Work required: Up to and including the line bearing "Rancho Santa Margarita", output every line of the entries exactly as written, starting from the first; pictures stay out.

Records to process:
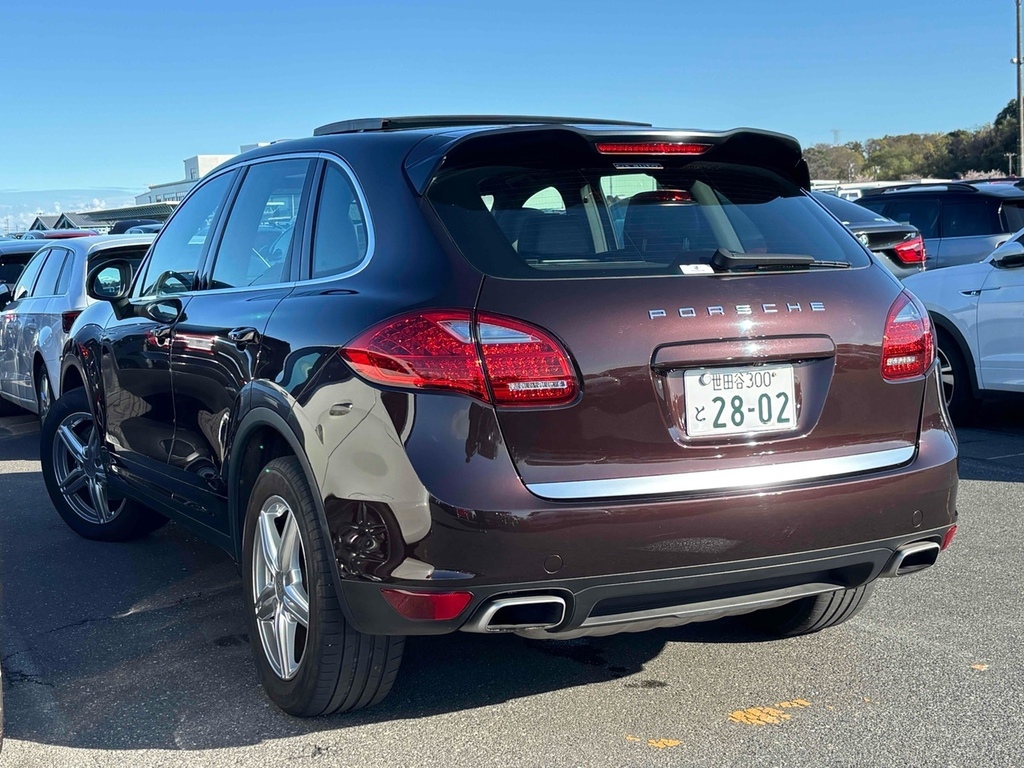 Porsche Cayenne V6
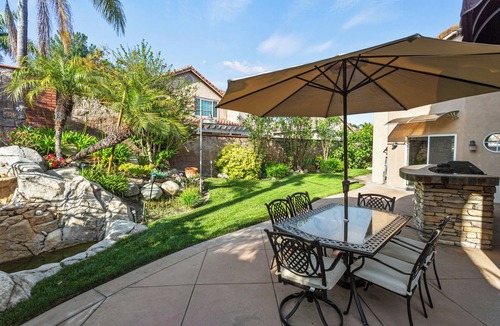 Rancho Santa Margarita House | 4BR Home in El Guiro Elegance｜Garage Access｜Communal Pool #42129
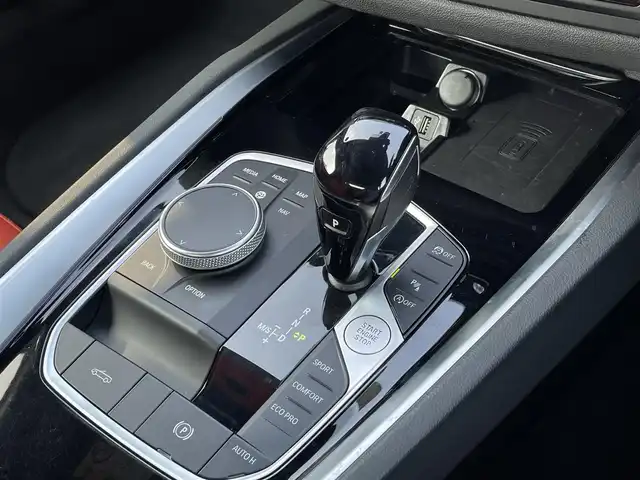 ＢＭＷ ＢＭＷ Ｚ４ sDrive20i Mスポーツ 三重県 2023(令5)年 2.9万km アルピンホワイトⅢ 地デジＴＶ　/ヴァーネスカマグマレッドシート　/ＨＵＤ　/ｈａｒｍａｎ／ｋａｒｄｏｎ　/黒幌　/ＡＣＣ　/ワイヤレスカープレイ　/ワイヤレスチャージ　/ライブコックピット　/バックカメラ　/ＥＴＣ　/レーダー探知機　/ＬＥＤ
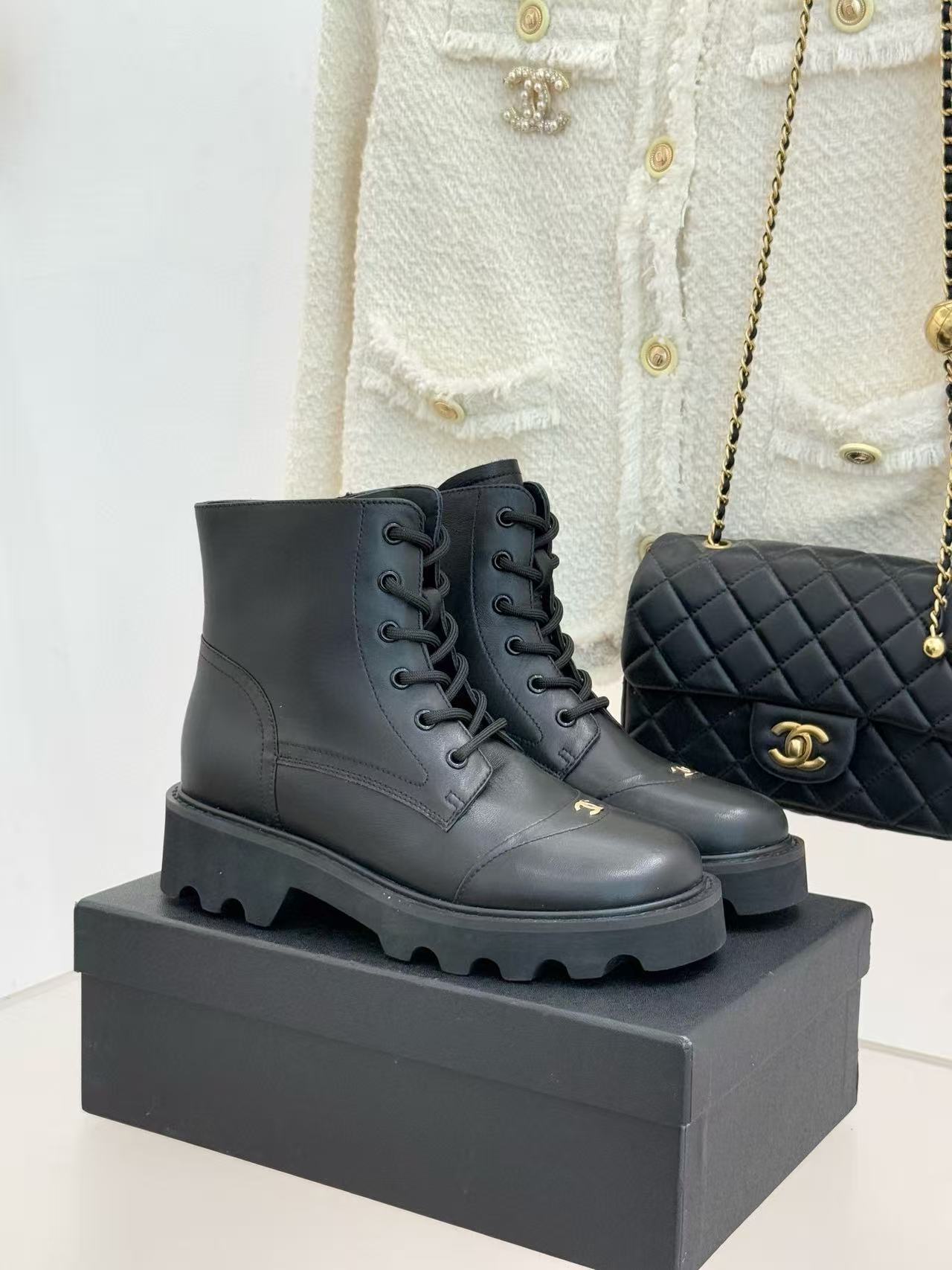 CHANE1 高品質ダブルC レースアップ アンクルブーツ【50％割引+送料無料】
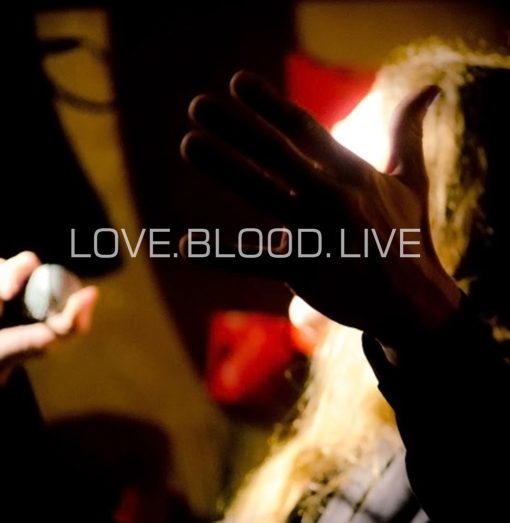 Transport Aerian - LOVE​.​BLOOD​.​LIVE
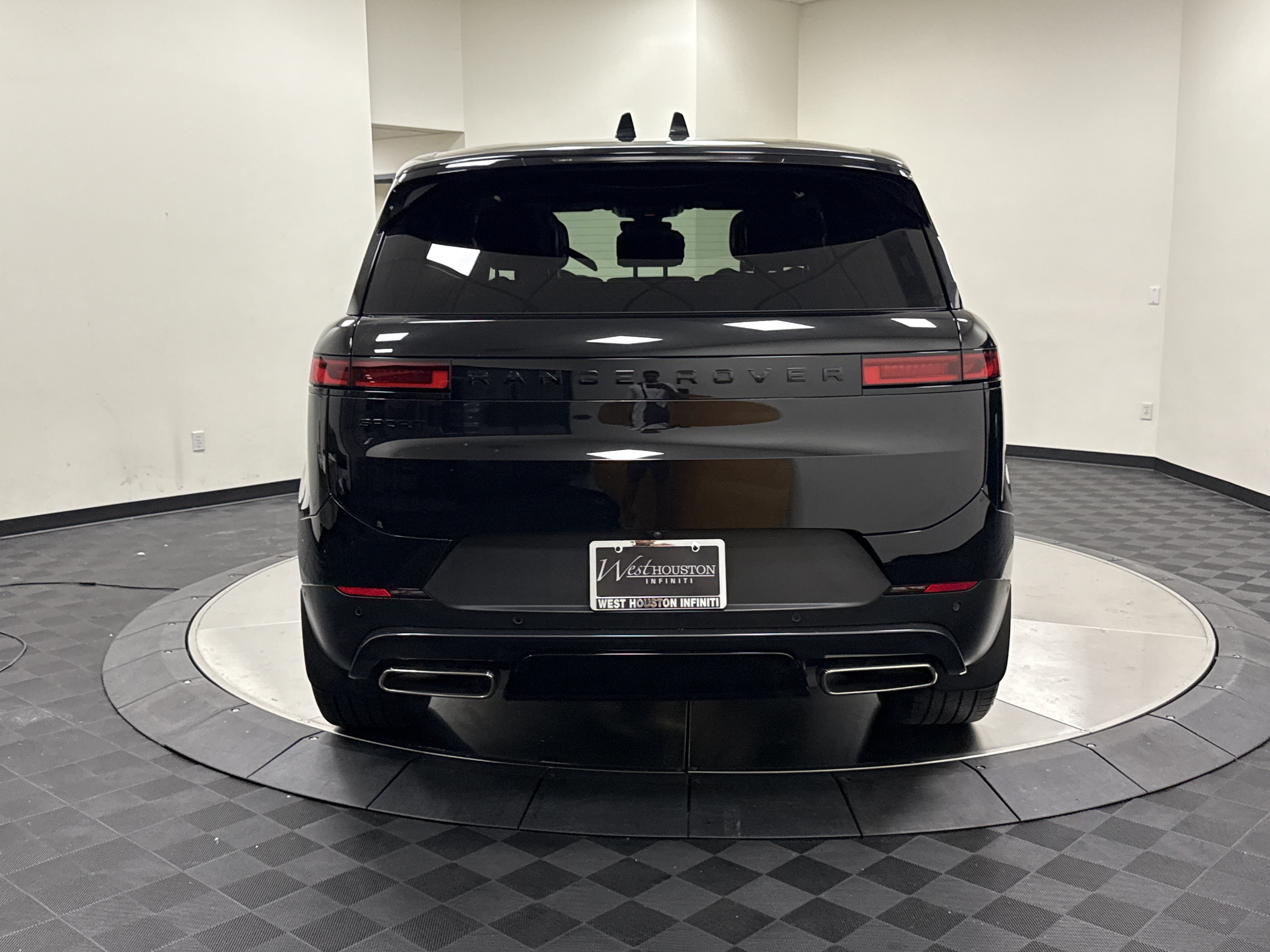 Used 2025 Land Rover Range Rover Sport SE AWD/4WD image 6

Response:
 Porsche Cayenne V6
 Rancho Santa Margarita House | 4BR Home in El Guiro Elegance｜Garage Access｜Communal Pool #42129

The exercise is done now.